Problem statement:
Give the data again in full, without pictures.

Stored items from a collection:
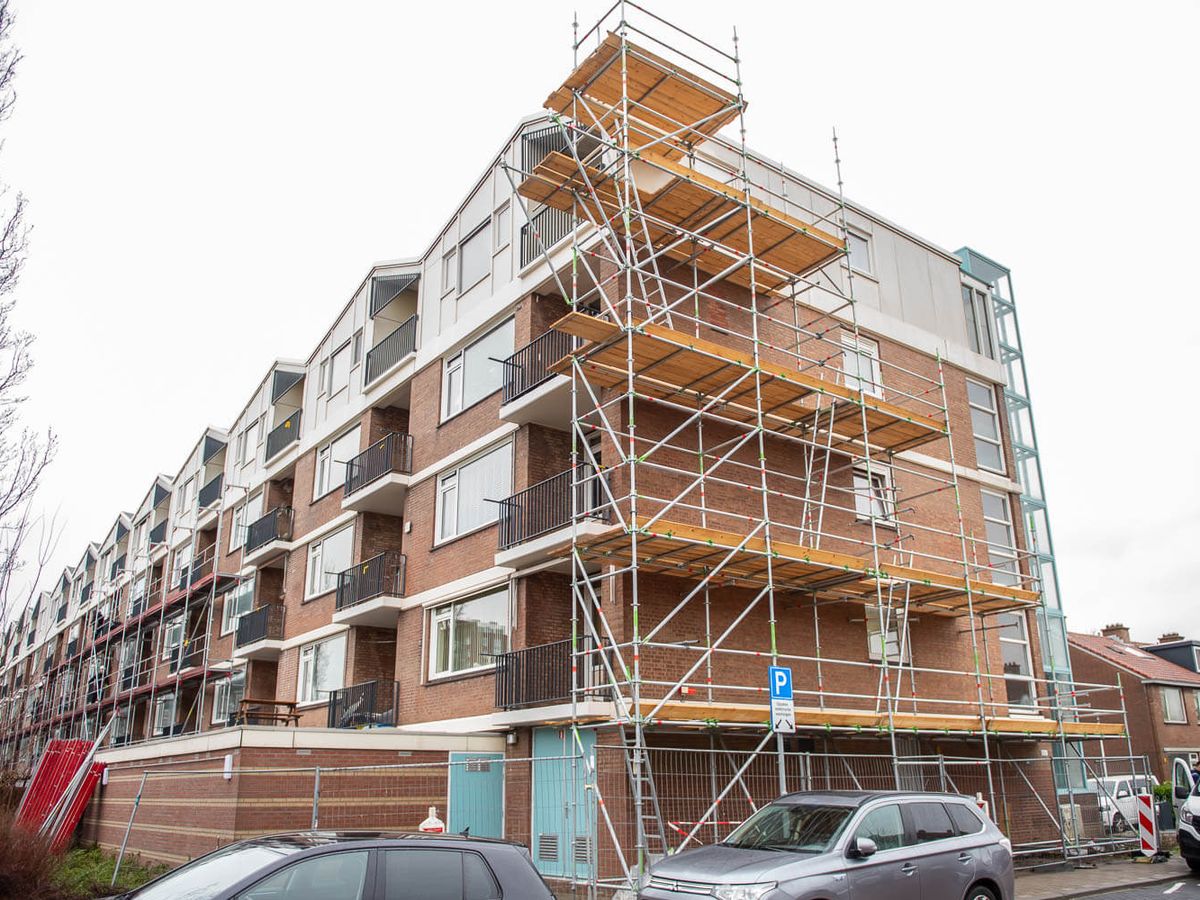 Steigers tegen een flatgebouw bij de Karekietstraat in Capelle aan den IJssel
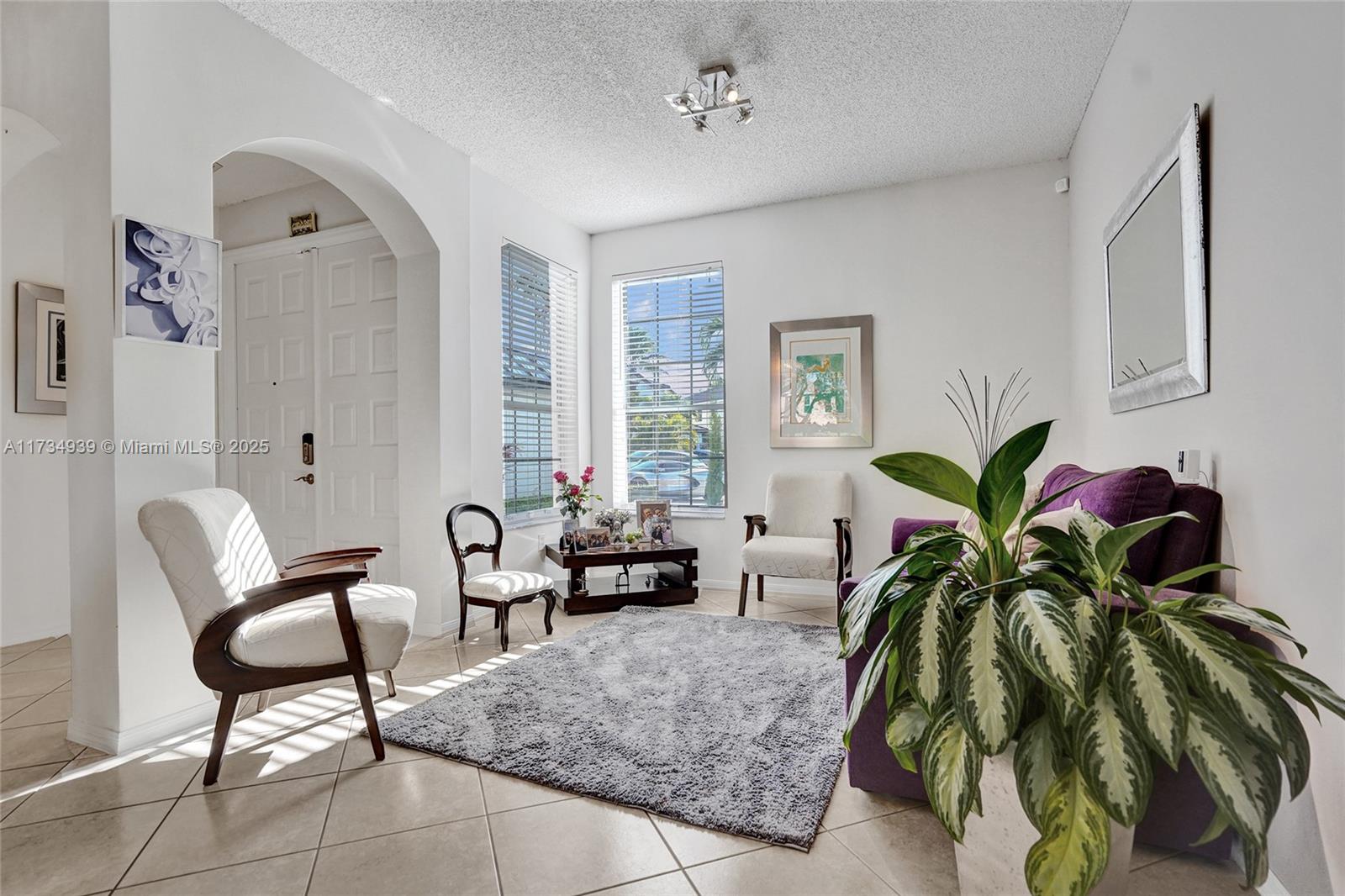 Listing Photo 11
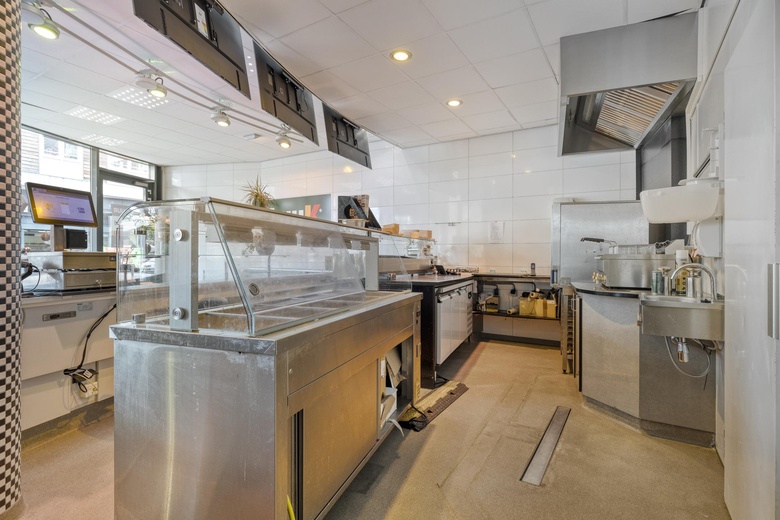 WinkelruimteaanZonstraat 34<br/> inEnschede WinkelruimteaanZonstraat 34<br/> inEnschede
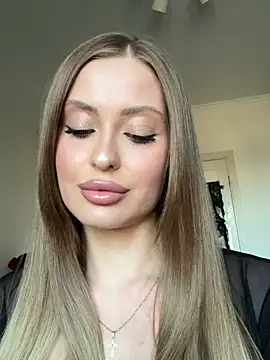 Sweet  Milly online show from 13, 5, 2026
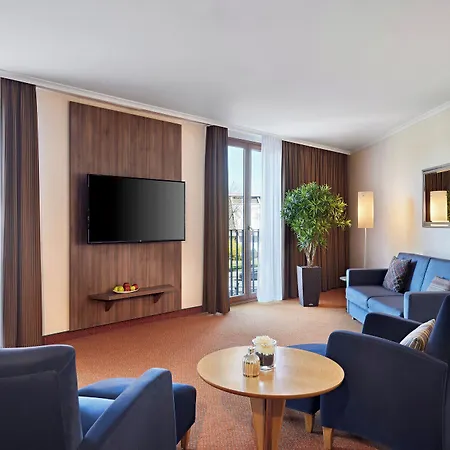 The Curve Bayarena מלון 4*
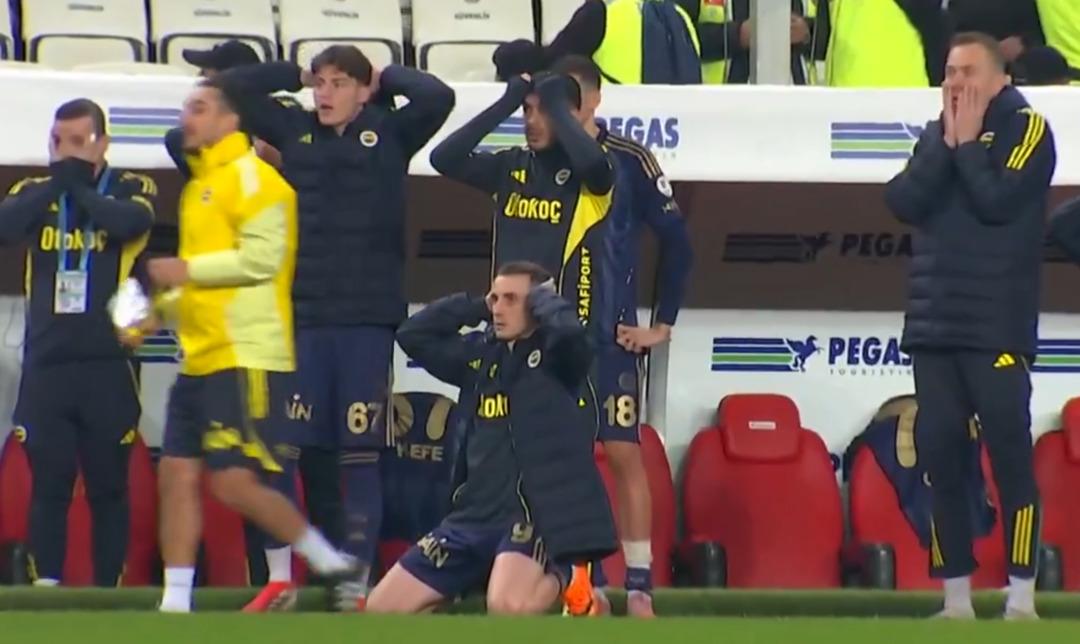 Fenerbah&ccedil;e ye Antalya da 90+6 şoku! Kerem Akt&uuml;rkoğlu nun tepkisi sosyal medyada g&uuml;ndeme oturdu 2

Final answer:
 Steigers tegen een flatgebouw bij de Karekietstraat in Capelle aan den IJssel
 Listing Photo 11
 WinkelruimteaanZonstraat 34<br/> inEnschede WinkelruimteaanZonstraat 34<br/> inEnschede
 Sweet  Milly online show from 13, 5, 2026
 The Curve Bayarena מלון 4*
 Fenerbah&ccedil;e ye Antalya da 90+6 şoku! Kerem Akt&uuml;rkoğlu nun tepkisi sosyal medyada g&uuml;ndeme oturdu 2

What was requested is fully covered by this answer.